Every duly convened general meeting shall have a quorum irrespective of the number of members present.
The members make the decisions in open voting with the simple majority of the present members. Abstentions are not counted. In the event of a tie, the chairman has the casting vote.
Changes of the statutes, dissolution of the association or merger with other associations require a qualified majority of two thirds of the present members.
Minutes shall be taken at least of the decisions made.
8. The Board
The Board consists of at least three persons.
The term of office is 2 years. Re-election is possible.
The Board leads the operative business and represents the association externally. The Board members work free of charge, they have the right to remunerate their expenses.
The Board has all competences which are not transferred to another body by law or according to these statutes.
The Board constitutes itself. The accumulation of tasks / functions is possible.

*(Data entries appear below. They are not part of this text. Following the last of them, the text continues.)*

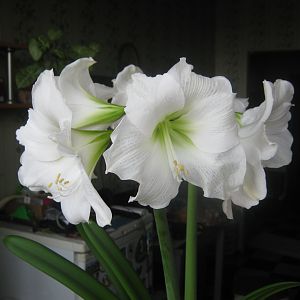Arctic White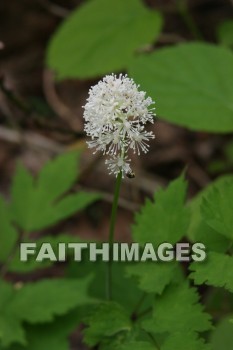 spring, springtime, season, growth, bud, fresh, daytime, nature, flora, outdoors, sunlight, sunshine, outside, flower, plant, natural, springs, seasons, buds, daytimes, natures, outsides, flowers, plants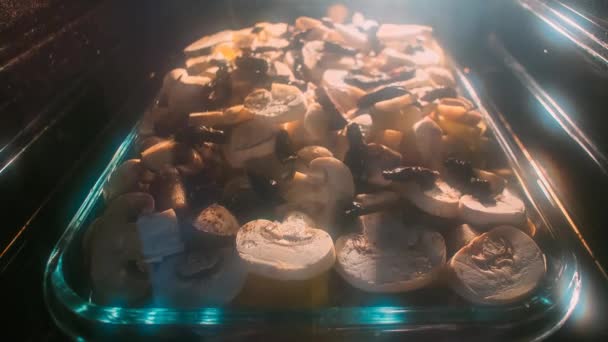 与蘑菇在烤箱里的奶油烤土豆 — 图库视频影像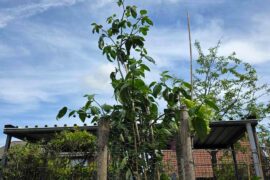 3m tall Rocoto Pepper. 2 meters in just 2 months.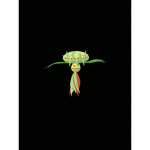Plang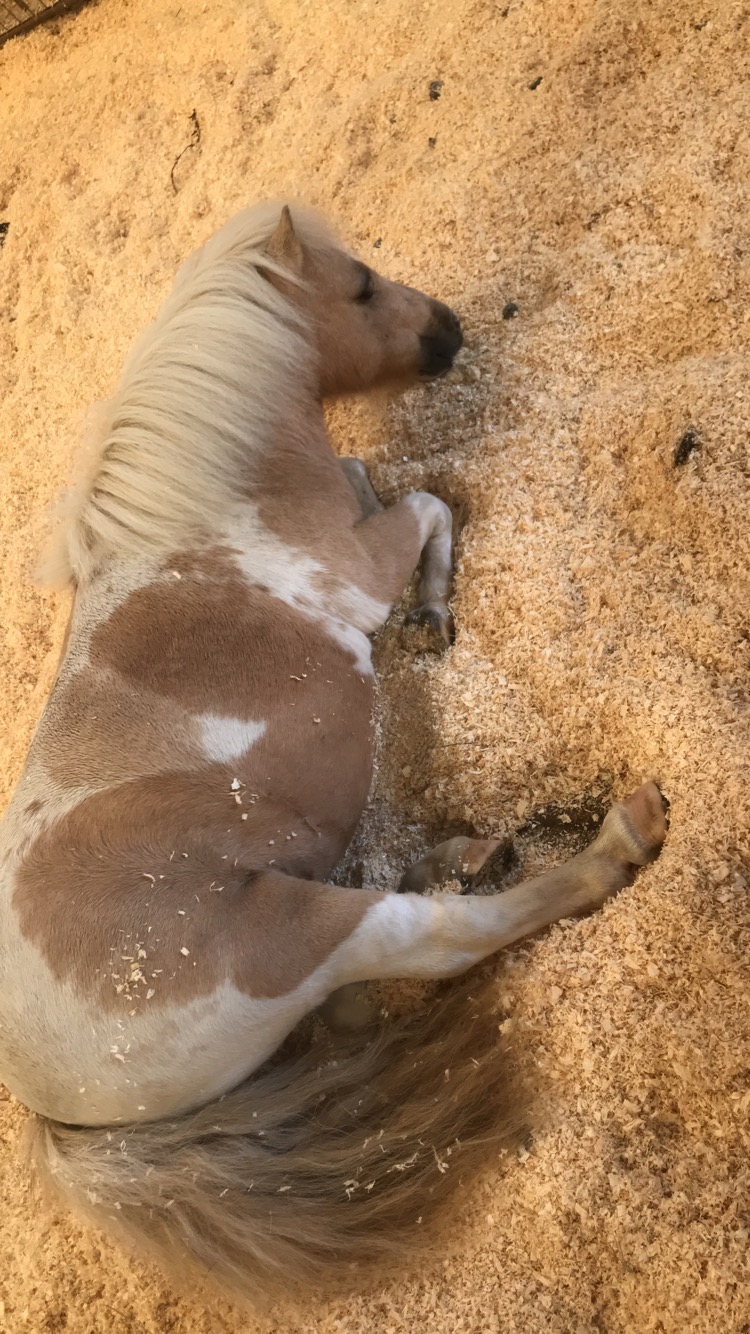Beautiful horse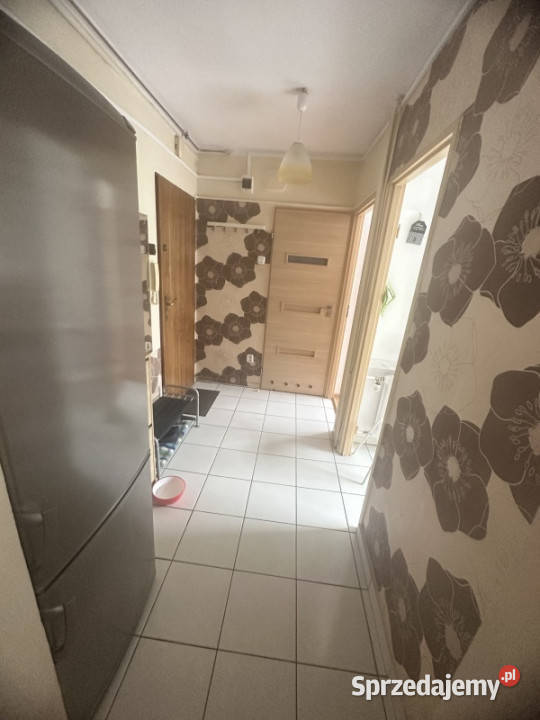 Do wynajęcia mieszkanie 2 pokojowe balkon Kraków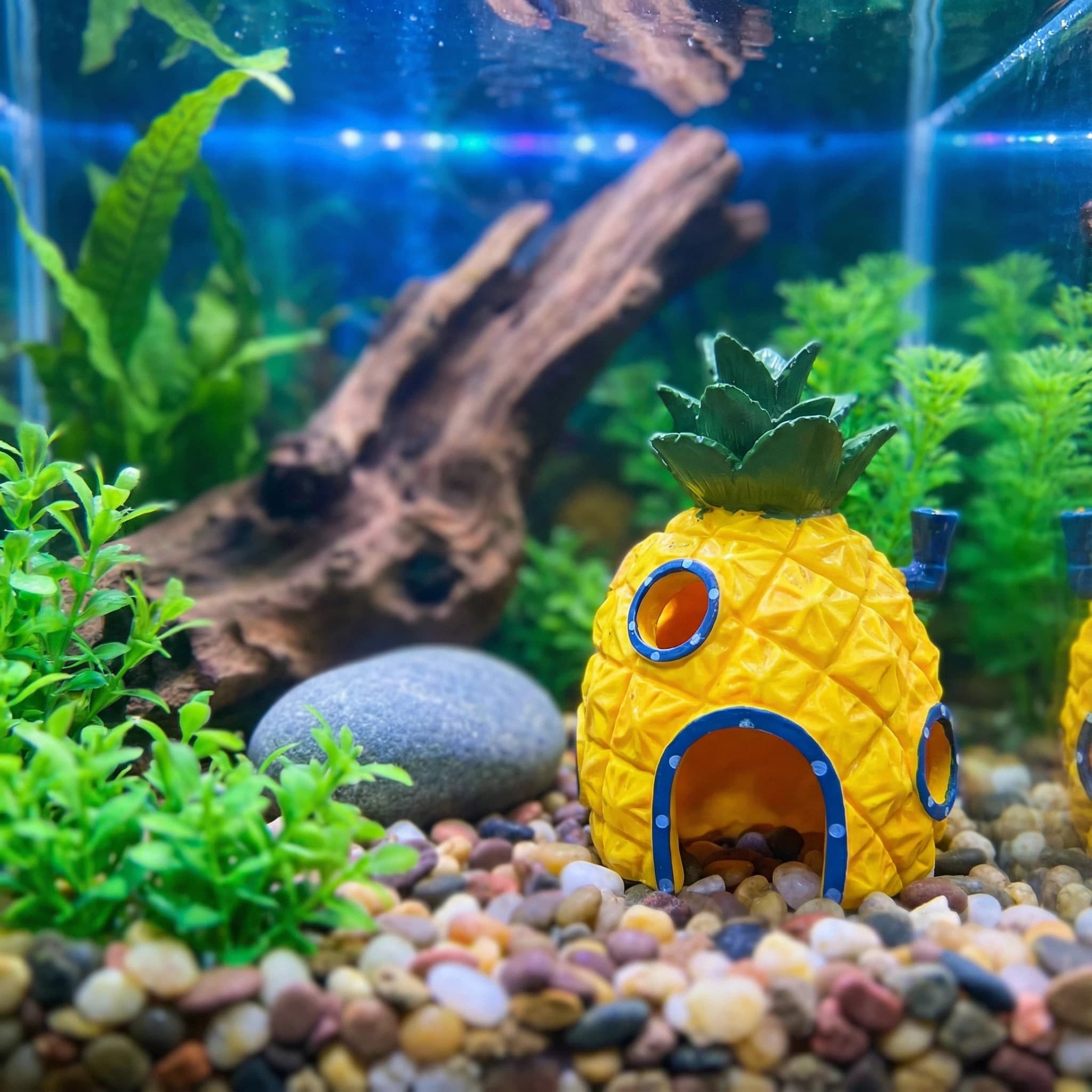 Pineapple House Aquarium Decor - đánh giá và giá Aquarium Fish Hideout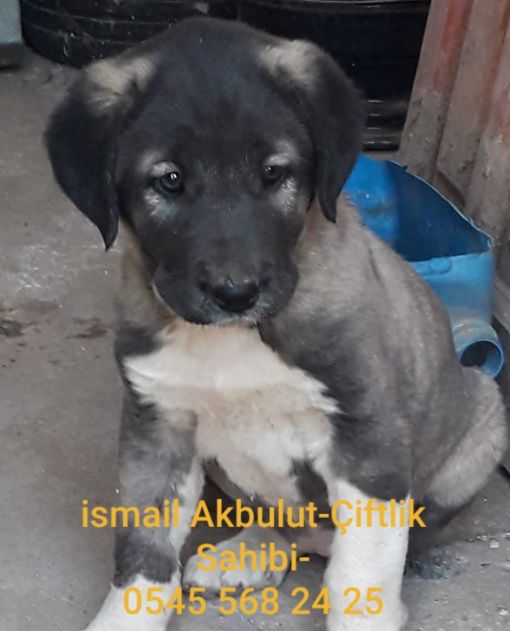  Satılık Kangal -İsmail Akbulut Kangal köpeği Yetişdiricisi Sivas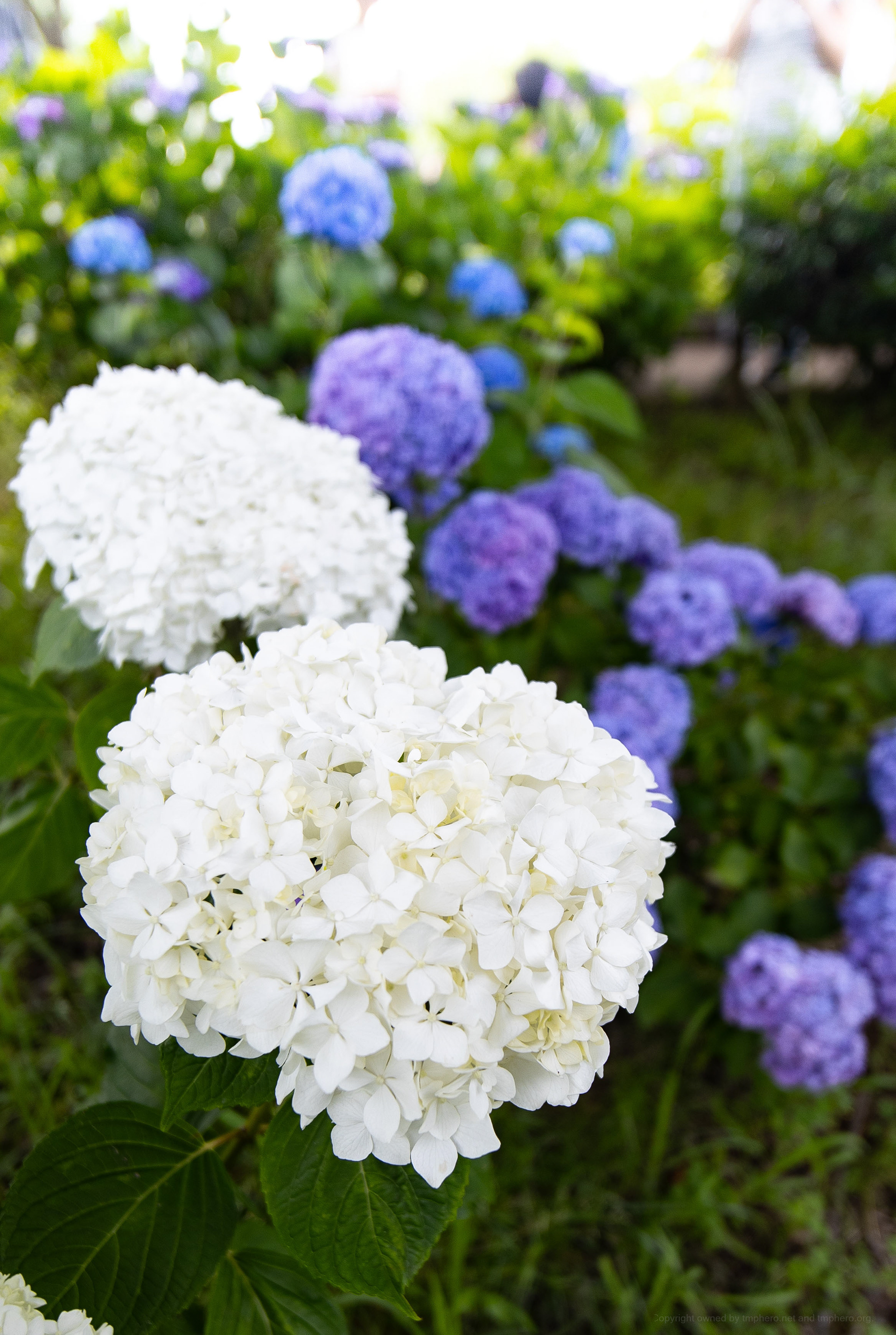 Canon R + LAOWA 15mm F2 Zero-D, ISO100 F2.8 1/200 0EV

The Board meets as often as it is required. Each member of the board may demand the convening of a meeting, stating the reasons.
If no member of the board demands verbal consultation, the resolution is valid by circular letter (also e-mail).
The responsibilities of the Board are:
- Taking the necessary measures to achieve the purposes of the association
- Convocation of ordinary and extraordinary general meetings of members
- Monitoring of compliance with the statutes, drafting of regulations and
- Administration of the association's financial assets and reporting of the same to the general meeting.
The Board is responsible for the accounting of the association.
The Board may hire or commission persons to achieve the association's goals in return for appropriate compensation.
9. The Auditors
The general meeting elects 1 auditor or a legal entity to audit the accounts and carry out a spot check at least once a year.
The Auditors shall report and propose to the Board for the attention of the general meeting.
The term of office is 2 years. Re-election is possible.
10. Signing authority
The members of the Board have individual signing rights.
Only the association's assets are liable for the association's debts. A personal liability of the members is excluded.
12. Dissolution of the association
The dissolution of the association can be decided by a resolution of an ordinary or extraordinary general meeting and can be dissolved by a qualified majority of two thirds of the members present.
A merger may only take place with another legal entity domiciled in Switzerland which is exempt from tax on account of its non-profit status or public purpose.
In the event of dissolution, profits and capital shall be transferred to another legal entity domiciled in Switzerland and exempt from tax on account of its non-profit status or public purpose. The distribution of the Association's assets among its members is excluded.
13. Entry into force
These statutes were adopted at the foundation meeting on 21.5.2019 and came into force on this date.
Date, Place: 21.5.2019, 5722 Gränichen, Switzerland
President: Bettina Mindt
Secretary: Alexandre Tuch
The German version of the statutes prevail.